Le ministre des Mines Abdoulaye Magassouba défend le projet comme étant très avantageux, avec une chaîne de production intégrée de minerai de fer; d’infrastructures ferroviaires et portuaires modernes (chemin de fer d’une longueur de 679 km reliant la mine à un port en eaux profondes de la mine à Forécariah); d’une zone industrielle multifactorielle, la valorisation de la production locale et la promotion du contenu local, la réalisation et l’exploitation d’une unité industrielle de production d’une capacité de 80 millions de tonnes par an pour 30 000 emplois directs et 65 000 emplois indirects créés.

Investir à la base

L’évaluation est très complexe, on ne peut pas répondre par oui ou non, ou c’est la Guinée ou la Chine qui gagne, cela dépend de la méthodologie d’évaluation, de l’objet de l’évaluation (contrats miniers ou contrats d’infrastructures), a fait savoir Dr Hervé Lado, représentant de NRGI, Natural Resource Governance Institute en Guinée.

« Chaque contrat contient une série d’engagements, chaque partie va aux négociations avec des objectifs assortis de limites à ne pas franchir. Lorsque ces limites ne sont pas franchies, le négociateur considère que c’est avantageux. Si ces limites sont franchies sur certains points, pas sur d’autres, il pense que c’est équilibré. Donc, il faut savoir ce que la Guinée s’est donné comme objectif dans chaque négociation, avant d’en tirer les conséquences ».

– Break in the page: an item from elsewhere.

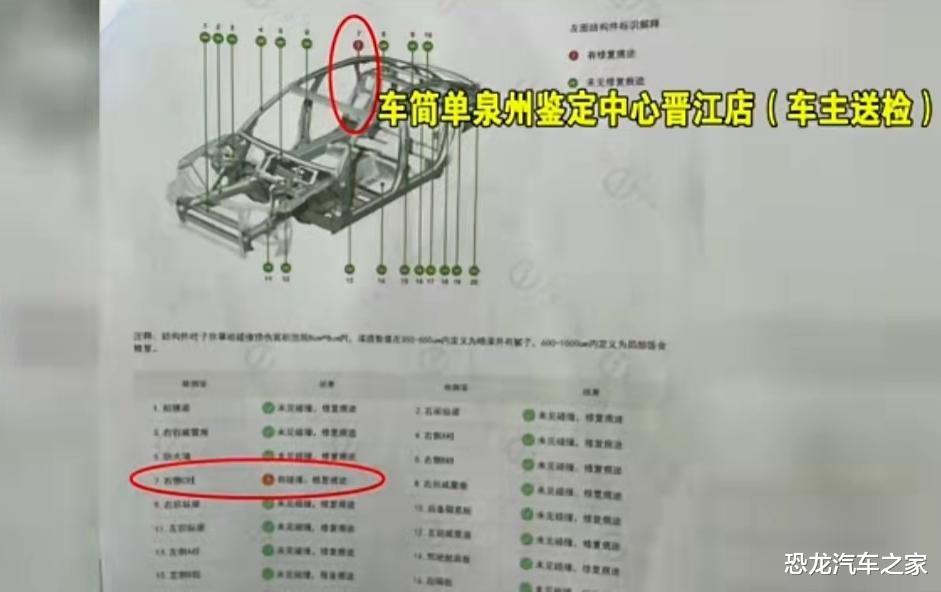 37万买了辆宝马车,朋友却说是事故车,车行表示车主之前知道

Au fond, dit-il, l’important n’est pas de savoir qui gagne le plus, mais est-ce que la Guinée est satisfaite du résultat des négociations d’une part par le gouvernement et de l’autre les citoyens. De son côté, NRGI soutient la publication des contrats miniers dans laquelle le gouvernement guinéen s’est engagé depuis plusieurs années maintenant, permettant ainsi aux citoyens de faire leur propre évaluation des résultats des négociations.

L’autre aspect concerne des contrats de nature plus financière, comme les prêts adossés aux ressources. Les 20 milliards sont une ligne de crédit dans laquelle la Guinée pioche pour financer des infrastructures, et qu’elle commencera à rembourser, à partir de 2022, sur la base des revenus miniers exploités par certaines entreprises chinoises.

« Sur ce type d’accord, on n’a pas beaucoup d’éléments pour évaluer : quoi qu’on ait en accès libre en ligne les contrats miniers de Henan Chine, Chalco et China Power Investment (SPIC), les trois entreprises liés à ce contrat, l’accord-cadre lui-même n’est pas publié. Il y a des contrats d’infrastructures et d’autres documents associés qui permettraient de comprendre le contenu de l’accord et le niveau d’exécution. Cela permettrait de savoir si le prêt adossé aux ressources est avantageux et si la Guinée est exposée à des risques importants ».

Cette question est plus importante aujourd’hui, dit-il, la Guinée est en crise sanitaire et 2022, date du début de remboursement du prêt est proche sachant que les travaux d’infrastructures sont déjà en cours.

« Est-ce que la Guinée est gagnante, le gouvernement dira que c’est la Guinée car c’est lui qui a négocié, mais est-ce que le citoyen a les moyens de faire lui-même l’évaluation » se demande Dr Hervé Lado.